ABOUT THIS TASK.
Repeat exactly, and only, the lines of the entries below from the one with "Specifically I'm going" through the one with "Hello! In this", both ends included.

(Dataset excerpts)
┄┄┄┄┄┄
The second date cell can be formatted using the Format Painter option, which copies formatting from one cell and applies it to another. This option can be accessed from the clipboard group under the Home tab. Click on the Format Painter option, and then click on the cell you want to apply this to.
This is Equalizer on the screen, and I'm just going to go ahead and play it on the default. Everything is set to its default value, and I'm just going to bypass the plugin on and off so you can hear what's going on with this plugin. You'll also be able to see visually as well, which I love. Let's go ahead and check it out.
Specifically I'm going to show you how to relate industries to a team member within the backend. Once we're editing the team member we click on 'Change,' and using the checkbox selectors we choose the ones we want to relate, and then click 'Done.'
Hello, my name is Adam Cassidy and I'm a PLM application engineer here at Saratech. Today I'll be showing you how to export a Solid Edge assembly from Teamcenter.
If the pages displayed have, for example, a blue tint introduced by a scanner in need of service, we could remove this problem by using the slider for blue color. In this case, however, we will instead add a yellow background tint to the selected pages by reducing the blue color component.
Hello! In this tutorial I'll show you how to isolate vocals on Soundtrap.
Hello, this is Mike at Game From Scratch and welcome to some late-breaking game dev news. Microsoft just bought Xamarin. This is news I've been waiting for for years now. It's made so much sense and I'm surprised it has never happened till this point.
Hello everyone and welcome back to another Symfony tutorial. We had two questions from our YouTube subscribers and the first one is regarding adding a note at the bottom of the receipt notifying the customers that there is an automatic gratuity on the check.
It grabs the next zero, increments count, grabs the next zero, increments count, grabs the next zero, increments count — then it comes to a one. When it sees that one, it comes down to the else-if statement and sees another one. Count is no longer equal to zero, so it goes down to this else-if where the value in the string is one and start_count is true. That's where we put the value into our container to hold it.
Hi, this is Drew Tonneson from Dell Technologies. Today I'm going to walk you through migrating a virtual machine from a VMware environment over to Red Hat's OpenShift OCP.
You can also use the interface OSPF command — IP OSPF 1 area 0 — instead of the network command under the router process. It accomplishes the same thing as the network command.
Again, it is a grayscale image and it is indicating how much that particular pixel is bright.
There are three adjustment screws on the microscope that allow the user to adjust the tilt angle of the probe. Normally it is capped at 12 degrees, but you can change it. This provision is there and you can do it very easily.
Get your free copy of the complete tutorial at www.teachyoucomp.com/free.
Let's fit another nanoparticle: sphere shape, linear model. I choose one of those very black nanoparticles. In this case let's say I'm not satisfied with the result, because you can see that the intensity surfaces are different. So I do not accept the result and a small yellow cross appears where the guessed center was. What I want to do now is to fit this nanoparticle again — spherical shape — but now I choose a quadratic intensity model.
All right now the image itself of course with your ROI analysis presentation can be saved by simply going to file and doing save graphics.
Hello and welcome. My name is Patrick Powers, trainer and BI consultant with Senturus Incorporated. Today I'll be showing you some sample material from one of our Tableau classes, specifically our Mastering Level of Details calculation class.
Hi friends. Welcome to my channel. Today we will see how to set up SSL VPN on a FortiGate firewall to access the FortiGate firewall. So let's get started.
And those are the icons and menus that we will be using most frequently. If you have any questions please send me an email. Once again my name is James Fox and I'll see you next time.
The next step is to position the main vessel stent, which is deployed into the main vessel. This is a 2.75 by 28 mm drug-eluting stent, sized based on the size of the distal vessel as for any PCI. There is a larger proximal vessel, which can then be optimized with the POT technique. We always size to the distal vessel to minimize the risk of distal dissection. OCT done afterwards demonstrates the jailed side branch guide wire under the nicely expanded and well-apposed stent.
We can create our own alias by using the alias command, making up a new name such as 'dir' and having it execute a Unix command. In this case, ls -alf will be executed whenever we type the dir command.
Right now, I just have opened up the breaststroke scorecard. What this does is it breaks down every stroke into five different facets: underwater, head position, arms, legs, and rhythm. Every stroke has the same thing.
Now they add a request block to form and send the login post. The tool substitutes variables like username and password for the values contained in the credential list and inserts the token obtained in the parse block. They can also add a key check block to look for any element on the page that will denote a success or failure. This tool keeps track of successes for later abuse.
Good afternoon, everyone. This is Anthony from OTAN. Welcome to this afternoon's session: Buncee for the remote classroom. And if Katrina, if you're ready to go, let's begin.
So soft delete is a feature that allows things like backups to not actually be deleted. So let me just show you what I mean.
┄┄┄┄┄┄
RESPONSE TO THIS EXERCISE.
Specifically I'm going to show you how to relate industries to a team member within the backend. Once we're editing the team member we click on 'Change,' and using the checkbox selectors we choose the ones we want to relate, and then click 'Done.'
Hello, my name is Adam Cassidy and I'm a PLM application engineer here at Saratech. Today I'll be showing you how to export a Solid Edge assembly from Teamcenter.
If the pages displayed have, for example, a blue tint introduced by a scanner in need of service, we could remove this problem by using the slider for blue color. In this case, however, we will instead add a yellow background tint to the selected pages by reducing the blue color component.
Hello! In this tutorial I'll show you how to isolate vocals on Soundtrap.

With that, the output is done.